▸ **Input data**:
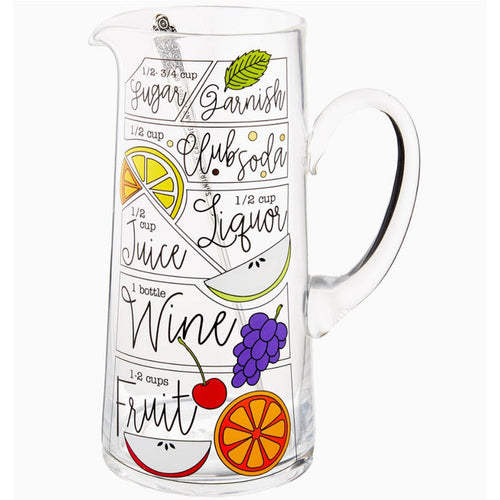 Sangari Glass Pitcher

...

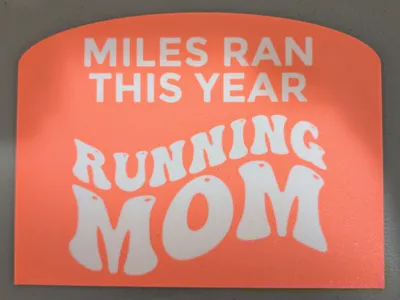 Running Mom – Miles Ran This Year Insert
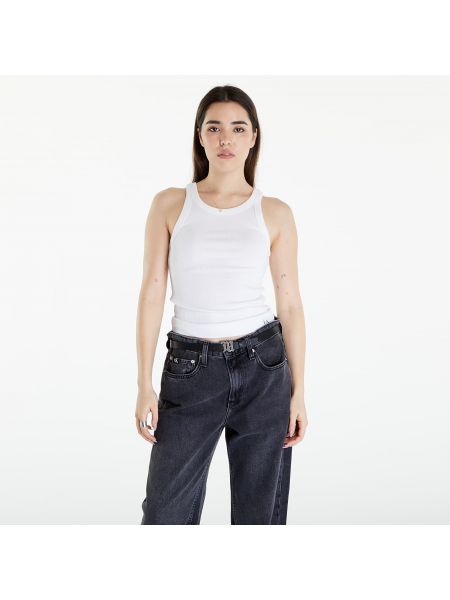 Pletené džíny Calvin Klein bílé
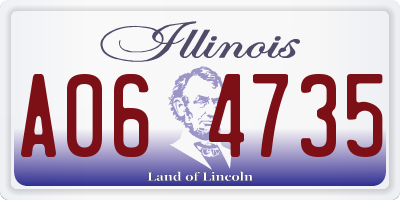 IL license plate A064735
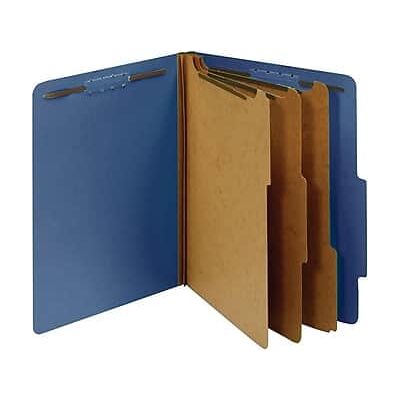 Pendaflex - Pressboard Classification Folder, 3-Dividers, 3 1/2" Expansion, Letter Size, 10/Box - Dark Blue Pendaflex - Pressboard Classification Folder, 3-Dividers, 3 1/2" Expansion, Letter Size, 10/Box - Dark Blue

---

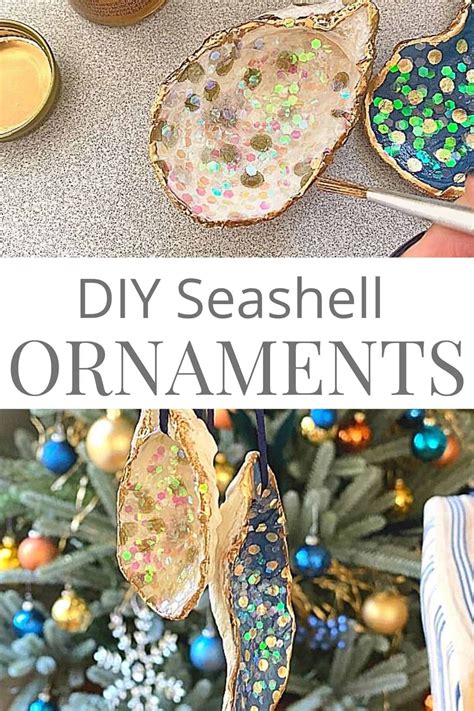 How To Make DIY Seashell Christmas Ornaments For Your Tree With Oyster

▸ **What you have to do**: Please print the lines above word for word, starting at the one with "Running Mom – Miles Ran This Year Insert" and ending at the one with "Dark Blue Pendaflex", both included, and without any picture.

▸ **Solved exercise**:
 Running Mom – Miles Ran This Year Insert
 Pletené džíny Calvin Klein bílé
 IL license plate A064735
 Pendaflex - Pressboard Classification Folder, 3-Dividers, 3 1/2" Expansion, Letter Size, 10/Box - Dark Blue Pendaflex - Pressboard Classification Folder, 3-Dividers, 3 1/2" Expansion, Letter Size, 10/Box - Dark Blue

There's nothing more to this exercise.